Pretty sure paying 3 cloud providers is more expensive than 1 cloud provider
It's actually cheaper when you want global redundant storage. Cloud providers often charge twice as much for global redundant data. RAID 2,3,4 offer global redundancy, but only take up 1.5 times us much space. Instead of paying twice as much you only end up paying 1.5 times as much because you can get away with locally redundant pricing. If you're large enough you'll actually save money by having more negotiating power since you can walk away from a provider at any given time.
Sounds interesting. Link?

I'd probably use commodity VMs for this rather than big clouds if it is indeed resilient.

Are you doing this to replace a CDN? There are already 3rd party CDNs like CloudFlare.

If you are doing it as a replacement for traffic within an AWS region and availability zone, it seems like you will be both more expensive and have much higher latency.

Or is the application something else entirely?

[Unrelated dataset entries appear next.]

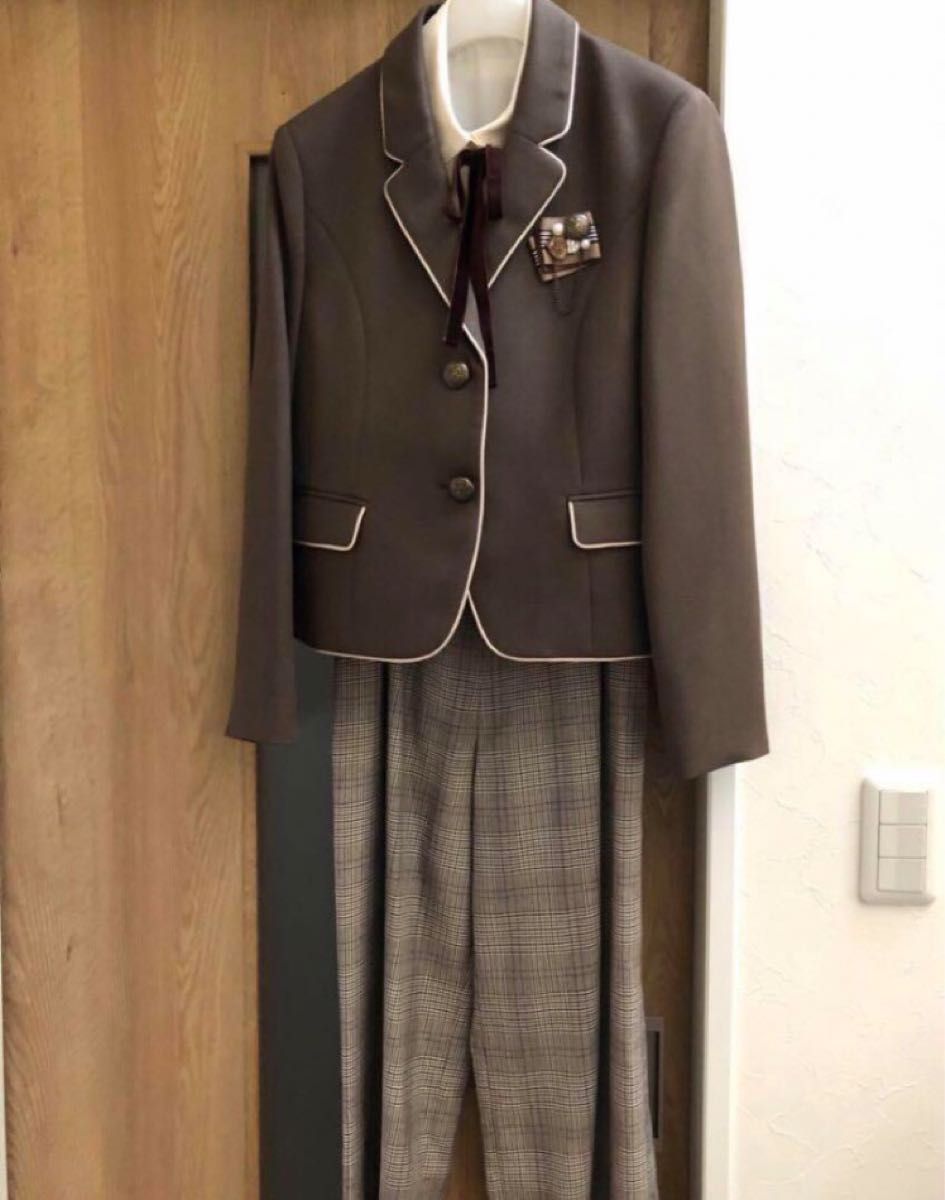 美品 ELLE EN NOIR/エルアンノワール ブレザーワイドパンツスーツ 160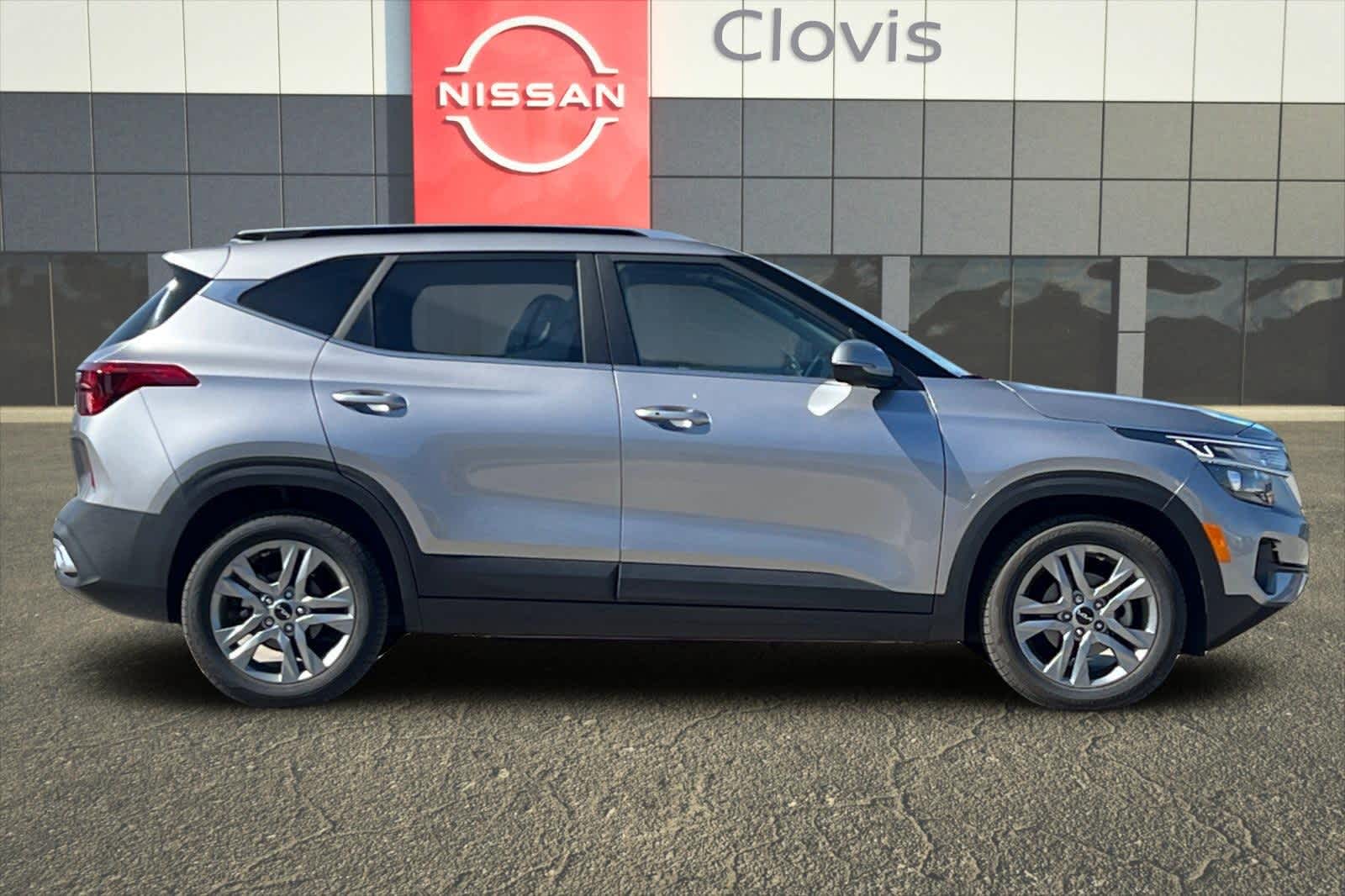 Thumbnail: 2022 Kia Seltos - 9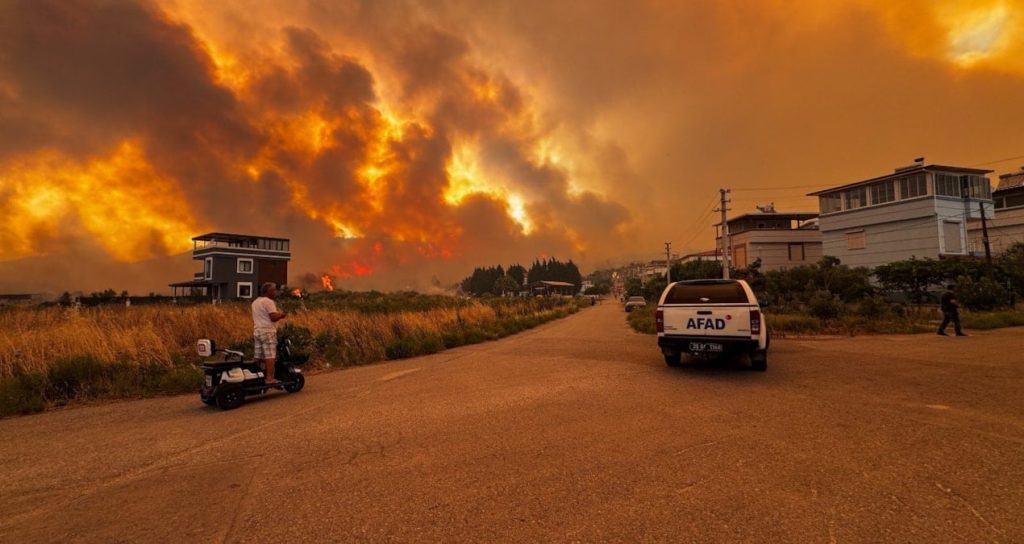 Commandos Respond as Fires Displace 50,000 People
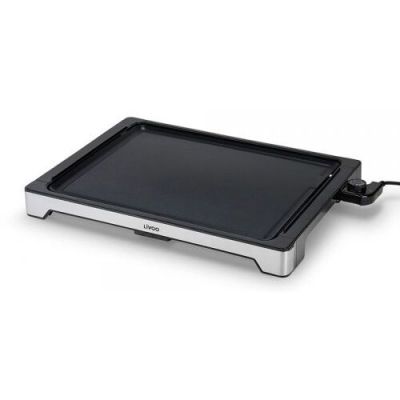 une image représentant une plaque de cuisson électrique noire et argentée sur fond blanc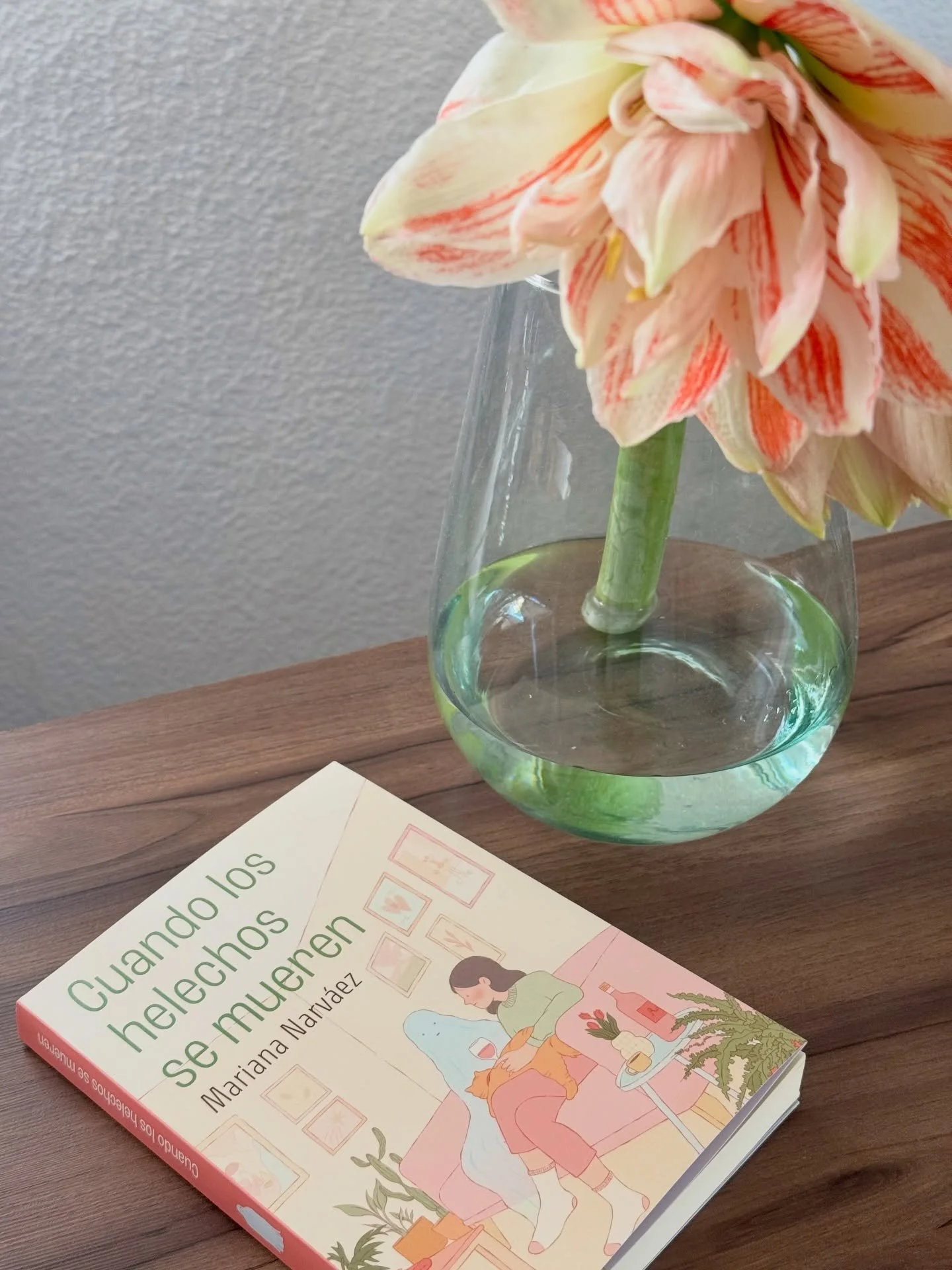 Segunda reimpresi&oacute;n de Cuando los helechos se mueren 🌿✨ el helecho sigue creciendo gracias a todas las lectoras que le dieron la oportunidad, a todas las que le han regalado el libro a esa amiga que no se daba cuenta, a las que lo han escogid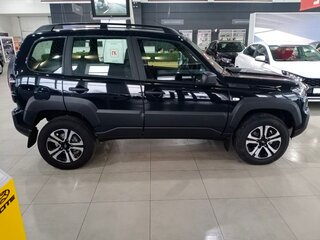 2026 Lada (ВАЗ) Niva Travel I Рестайлинг, зелёный, 1717000 рублей, вид 1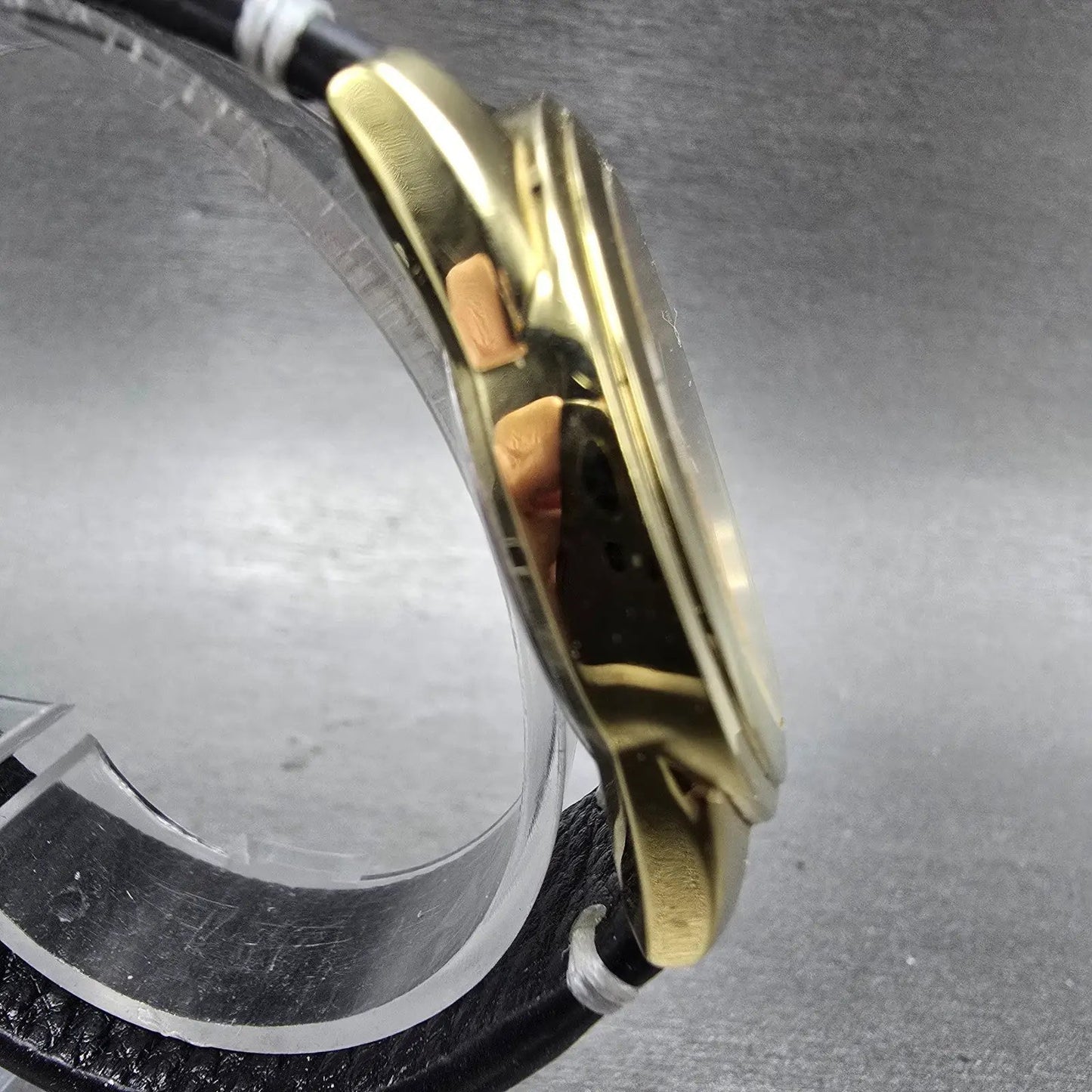 Citizen Eco-Drive Watch Men 35mm Champagne Dial Gold Tone Daydate Round Runs3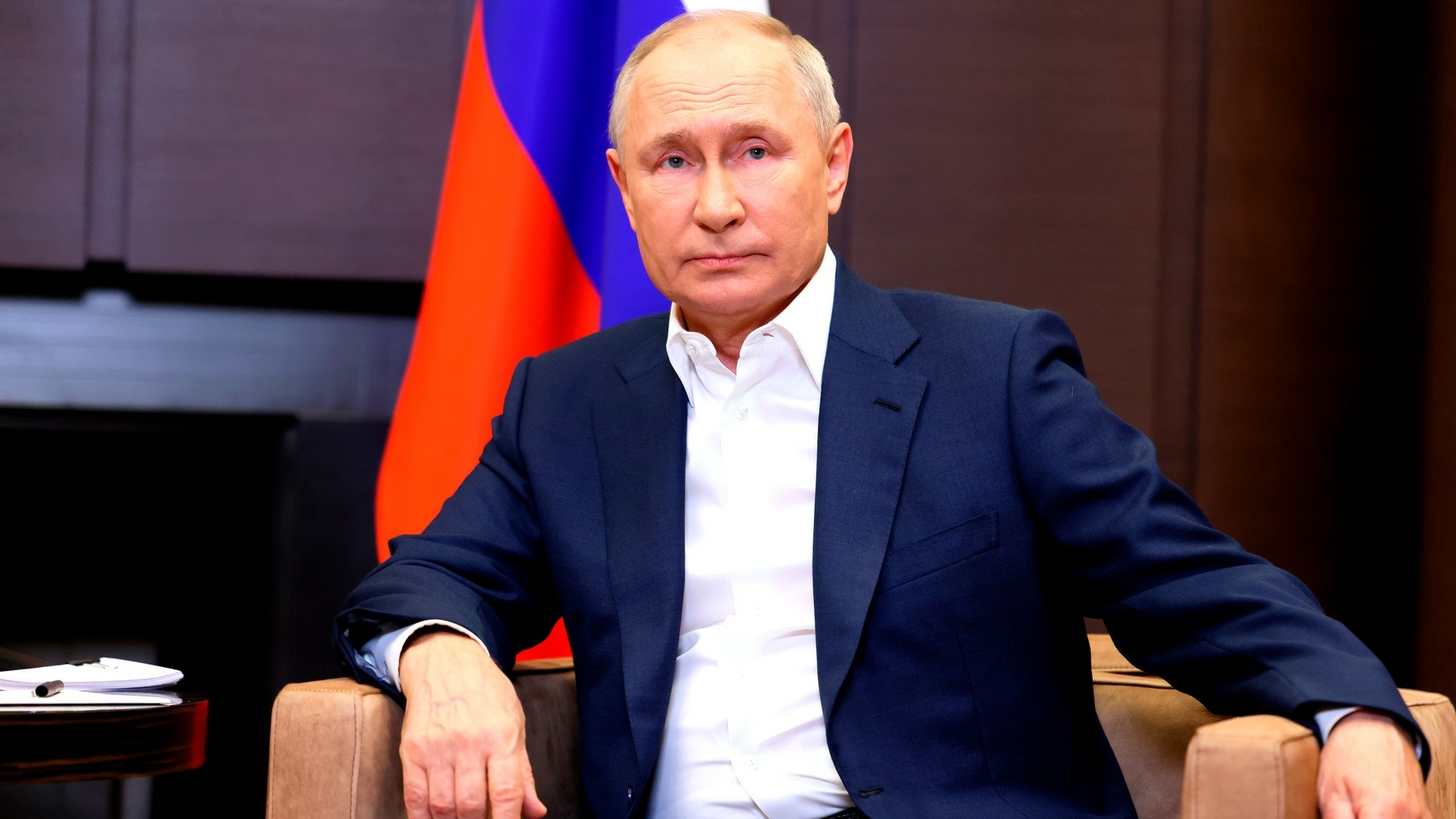 Путин потребовал оплачивать труд учителей по справедливым правилам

It's something else entirely. It's a mixed cloud approach combining the storage offerings of Azure, Google Cloud, and S3 providers. The idea is not to trust one cloud provider to provide fair pricing and proper redundancy. Right now I'm mirroring RAID 0,1, and 3. Applying RAID 3 to the cloud is going to give you higher latency and more processor and memory usage because the file has to be reassembled on the client machine. However, if you apply RAID 1 to the cloud your latency is similar because each cloud provider has the full file. In the case of RAID 1 the library will upload a full copy to each cloud provider and will download files by trying providers until one succeeds. If you only use two providers your pricing is usually the same because geo-redundancy in storage providers is often twice the cost and you're getting geo-redundancy built in by having multiple providers in different regions. RAID 3 is actually cheaper because you have geo-redundancy, but you're only storing 1.5 times as much data.
Sounds a little like gluster?
Sounds exactly what is Tahoe-LAFS for.
Yeah it's pretty similar. However, I'm focusing entirely on the cloud, keeping the package lightweight, and giving the consuming application decisions on how to store the data based off their needs.
Currently use this across cloud providers.